Tesla claim 72w for theirs.

https://cdn.vox-cdn.com/uploads/chorus_ ... _ai_15.jpg
Marketing slide.

That is just for a single chip, the associated hardware such as memory/storage, connectivity, etc will increase that into the 100s.
Then there will be multiple chips/packages; for both performing different tasks as possibly for resiliency/failover.

Production systems will be significantly less than the development vehicles, but still much higher than 72w.
This is production. In the cars already. Samsung in Texas manufacture the chip. Memory less power than processor. Connectivy in what sense consumes power? "100s" is a number you made up. Processor is built as two concurrently running halves for redundancy--leading to their "shootable" claim. This is all freely available info released months ago. I cannot vouch for any of it other than to say: why would they start lying at this point in their history.
Processor = ~72W
8GB GDDR5 (for example) = ~20-25W. Given the size of the datasets and models the systems could be running multiple of this, so 20-25W or 40-50W or maybe even 80-100W just in RAM (or less RAM per server but more servers)
Solid state storage = ~2W per TB active power consumption. Given AVs are predicted to generate >10TB/day (but not store all of it) there would likely be muliple TBs for the current, working dataset, so say another 10W.
Networking/connectivity = ~10W - this would be internal connectivity - sharing data (100s Mb/s up to Gb/s) between systems in the car (such as acqusition of images from camera to processor or do another idenitical processor running in lockstep as part of a resilient system or to another system that performs a different function in the workflow) and also perdiocally syncing/sharing data with cloud/backend systems for model/training updates, analytics and accountability likely over a 5G antenna.
So that is somewhere between ~100-200W for a single computing unit (processor + memory/storge + connectivity)

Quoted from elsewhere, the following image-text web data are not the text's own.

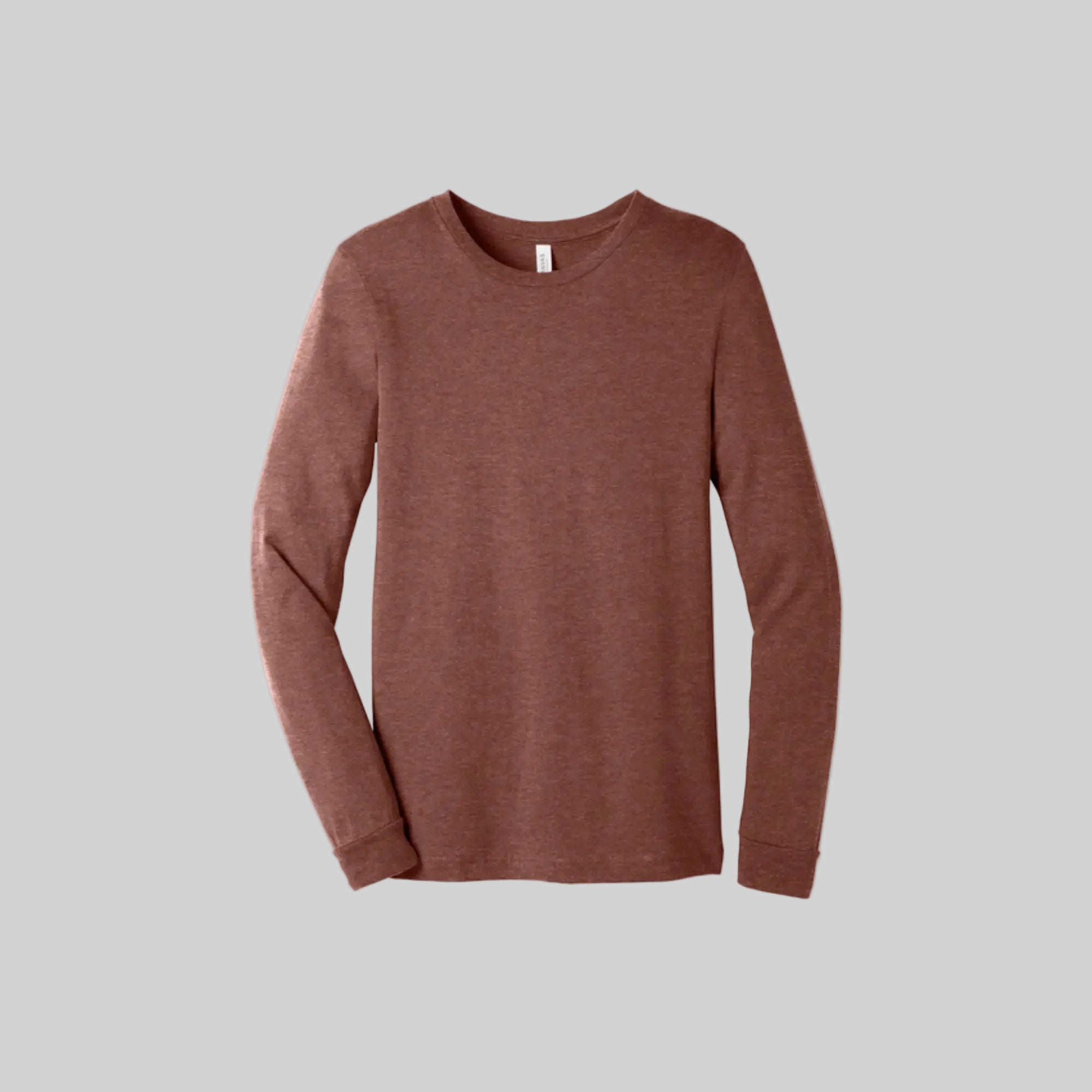 BELLA+CANVAS 3501 Cotton Blend Long Sleeve T-Shirt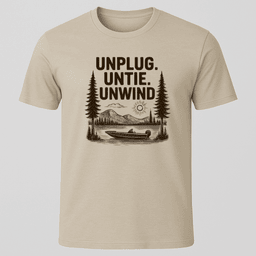 Unwind Lake T Shirt Gift For Boat Owner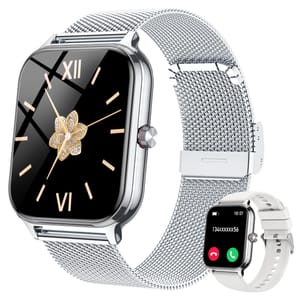 Smartwatch with Calls, HR, SpO2, BP, Sleep, 110+ Modes, iOS/Android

Also, that is only one implementation. Just because one company claims a implementation with X power consumption doesn't mean there are other implementations with different features/performance that consume more.
My point was, in general, in the context of different technology providers, there will be popular, non-niche production grade systems on the market where the power requirements can and will be greater than that figure.


A single processor built as 2 concurrently running halves in not a resilient system - it might given 2 independantly calculated results for any given task to help detmine probabilities/weights when all components are functioning correctly, but there are single points of failure spacially (they are physically in the same place), electrically, thermally and logically.
A truely resilient system needs physically seprated components which do not so share any common infrastructure - therefore multiple computing units active in the vehicle (multiples of that 100-200W figure).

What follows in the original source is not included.